A. Everybody gets tired from time to time. Fatigue from scleroderma, however, is different from normal tiredness in that it is often not related to physical exertion and not helped by getting enough rest. For many people, fatigue from scleroderma is debilitating and impacts the ability to go about daily activities more than any other symptom of the disease. Of the more than 400 Canadians with scleroderma surveyed in the recent Scleroderma Society of Canada/Canadian Scleroderma Research Group survey, almost 90% said that they experienced fatigue at least some of the time, and more than 70% said that it had a moderate to severe impact on their ability to carry out normal daily activities. Many factors contribute to the fatigue experienced by people who have scleroderma, and there is no easy remedy. There are some things, however, that can be done to reduce the impact of fatigue. Light, consistent exercise, for example, that does not go beyond reasonable limitations, can help keep the body strong and boost energy. Similarly, eating a nutritional diet and maintaining a healthy weight can help combat fatigue. Other things that can be done include being sure to get enough rest, pacing oneself through the course of the day to avoid overexertion, and managing stress.(Reference:  Dr. Brett Thombs, PhD, Assistant Professor, Department of Psychiatry, McGill University / Jewish General Hospital, Montreal).

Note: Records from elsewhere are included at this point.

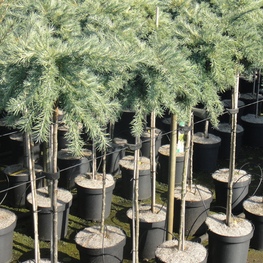 Лиственница японская Грей Перл (Larix kaempferi 'Grey Pearl')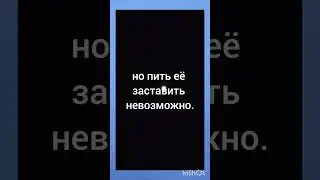 Черный прямоугольник.         Не Малевича.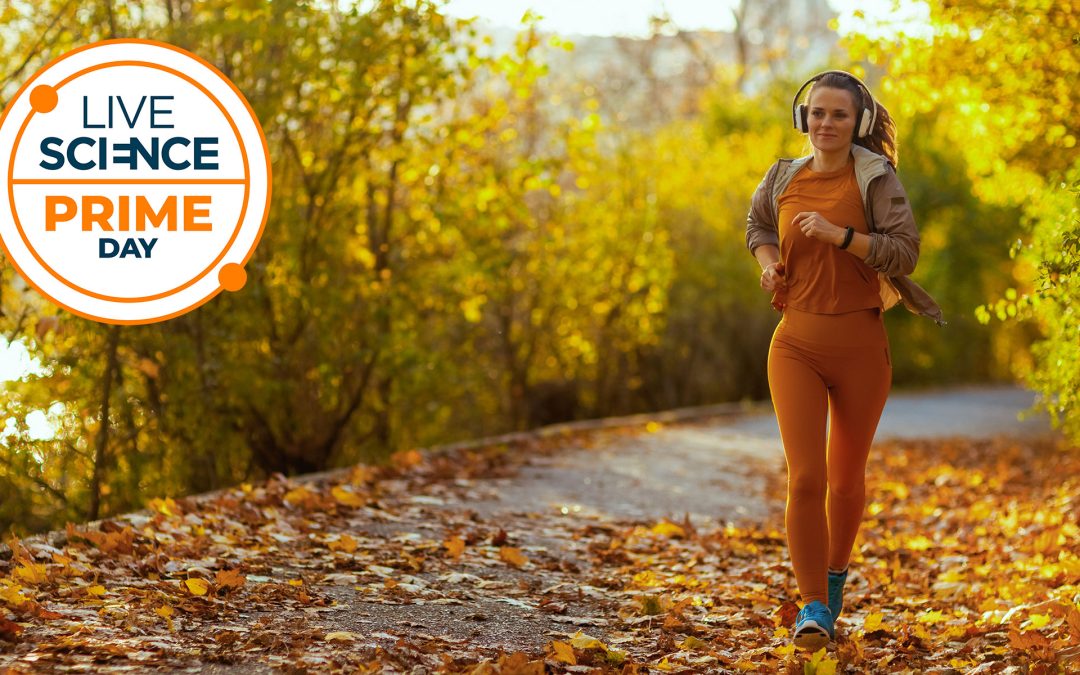 Bored of waiting for Black Friday fitness deals? Us too! Here are 7 discounts for those who can’t wait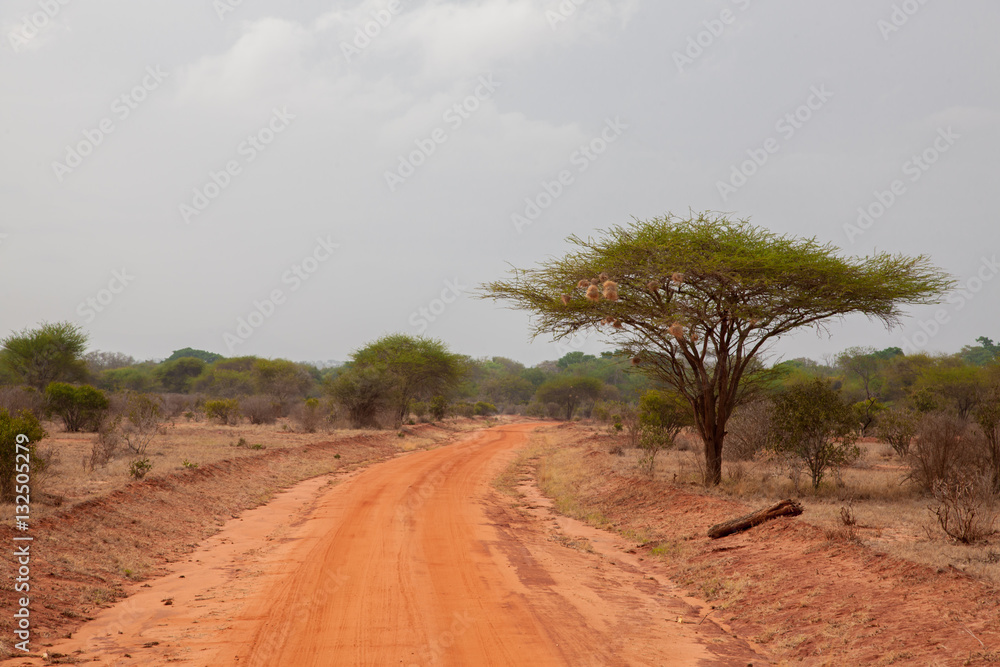 Road with red soil, landscape in Afrika, on safari in Kenya - obrazy, fototapety, plakaty 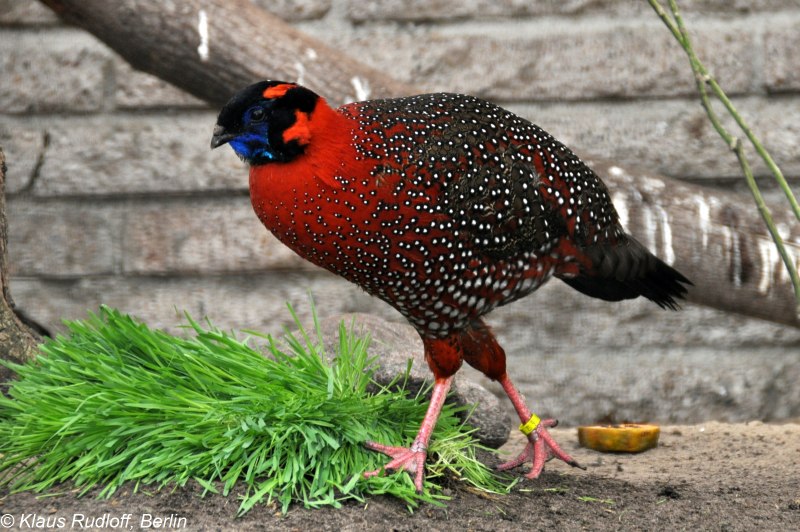 Satyr Tragopan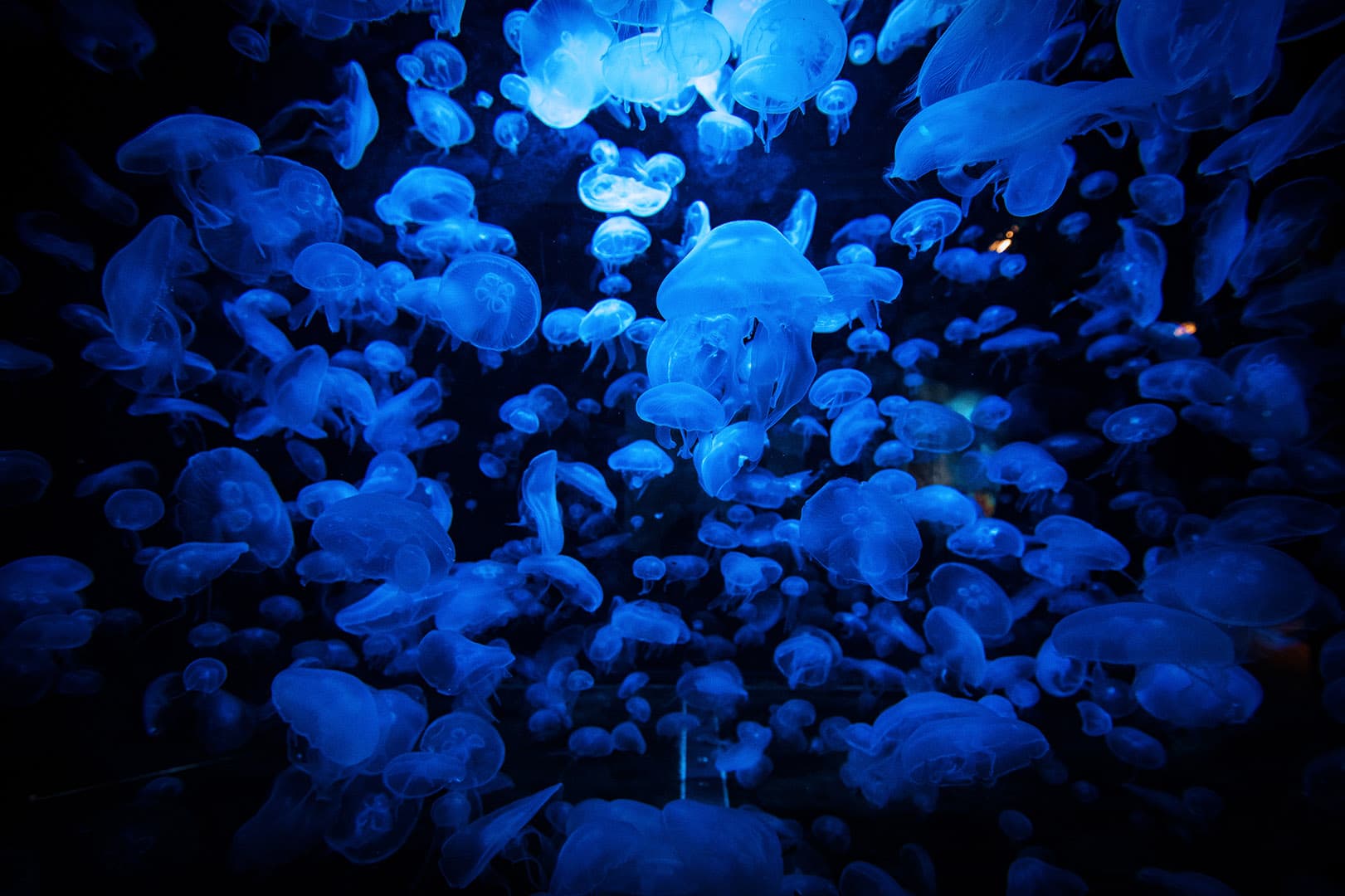 Escale Planète Bleue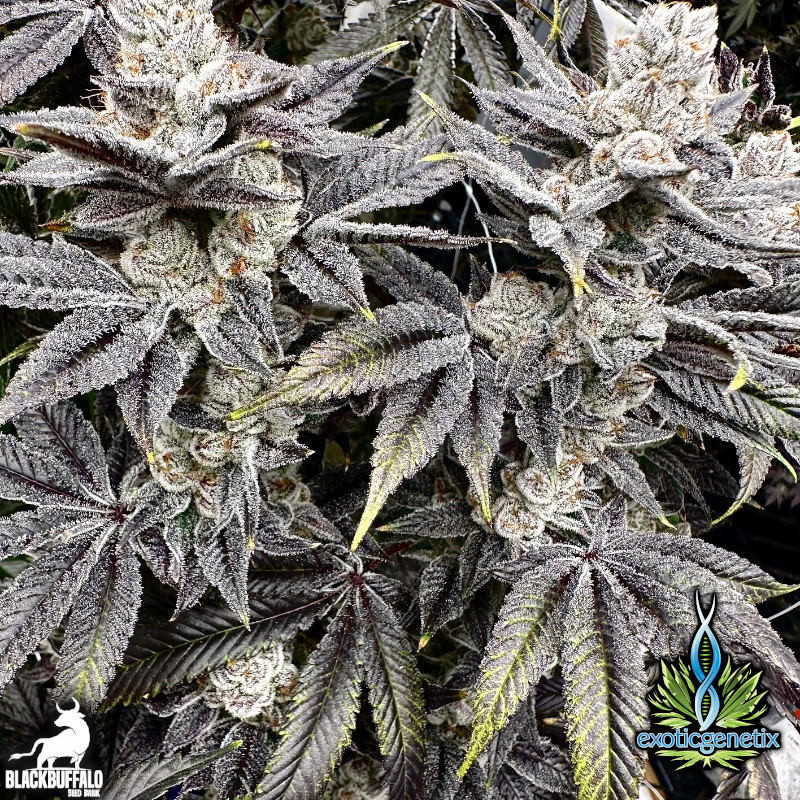 Crumb Dumpster Exotic Genetix feminized seeds 3 Crumb Dumpster Exotic Genetix feminized seeds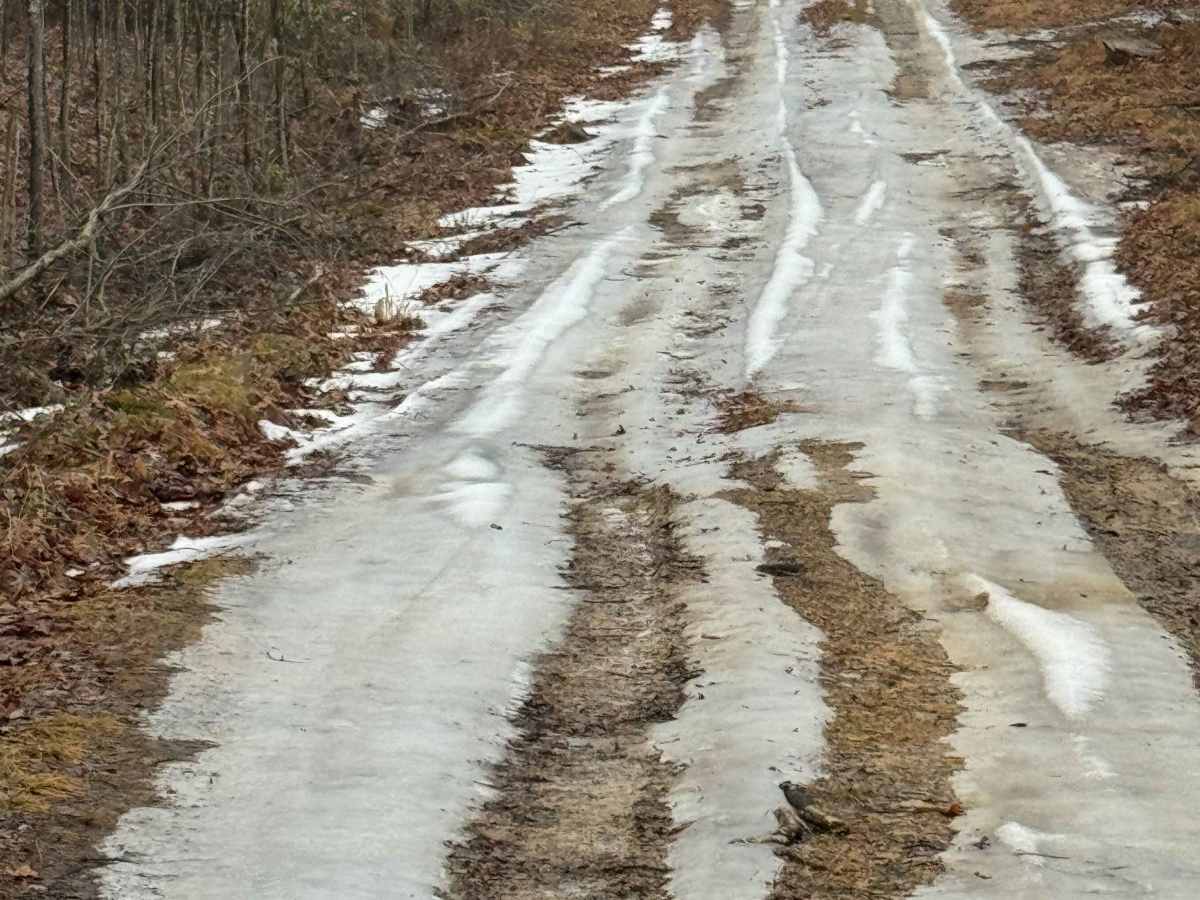 Cold Fork Trail photo 4
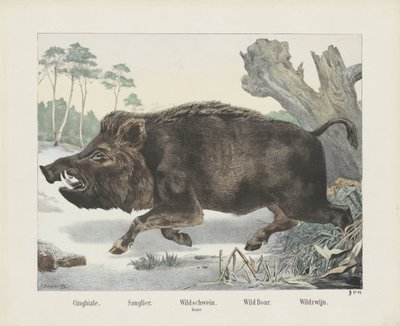 Sanglier - R. Schulz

Q. Why do people with scleroderma get heartburn and difficulty swallowing?
A. Heartburn in Scleroderma patients is caused by the dysfunction of the valve that separates the stomach and the esophagus.  This allows stomach acid to flow backwards up the esophagus causing heartburn. Abnormal contractions of the esophagus also occur so acid is not cleared properly and may result in difficulty swallowing.  Strategies for coping with heartburn include using over the counter medications that neutralize or reduce stomach acids, elevating the head of your bed, eating smaller meals, and avoiding foods that cause heartburn are also good coping strategies.  Chewing food well, eating slowly, as well as drinking fluids with meals can also help with heartburn.

Q. Why do my hands hurt and feel stiff?  What can I do?
A.  People with Scleroderma have thickened and tight skin, this can lead to stiffness and reduced motion of the joints in affected areas.  Some studies have shown that those with Scleroderma may benefit by range of motion exercises, where the fingers, hands and wrists are stretched daily to keep them moving and mobile.  Other studies have found connective tissue massage with joint manipulation can also be effective in combating stiffness.

Q. Is erectile dysfunction related to Scleroderma?
A.  Males with Scleroderma suffer more frequently from erectile dysfunction compared to the general population.  Treatment for men with Scleroderma can be a challenge as there is limited research.  Doctors are first likely to rule out any other potential causes of the erectile dysfunction besides Scleroderma. 

Q. My mouth is so dry what can I do?
A.  Dry mouth, also called Sjogren’s Syndrome, can be a real nuisance to those affected.  Staying hydrated by constantly sipping beverages can help.  Sucking on hard candy or chewing gum such as Wrigley's Excel Mist may also help.  Avoiding foods that dehydrate the mouth and body such as alcohol, caffeine, or salty foods can keep it from getting worse.  Sometimes the mouth is so dry that it becomes difficult to swallow, in which case drinking liquids while eating may also help.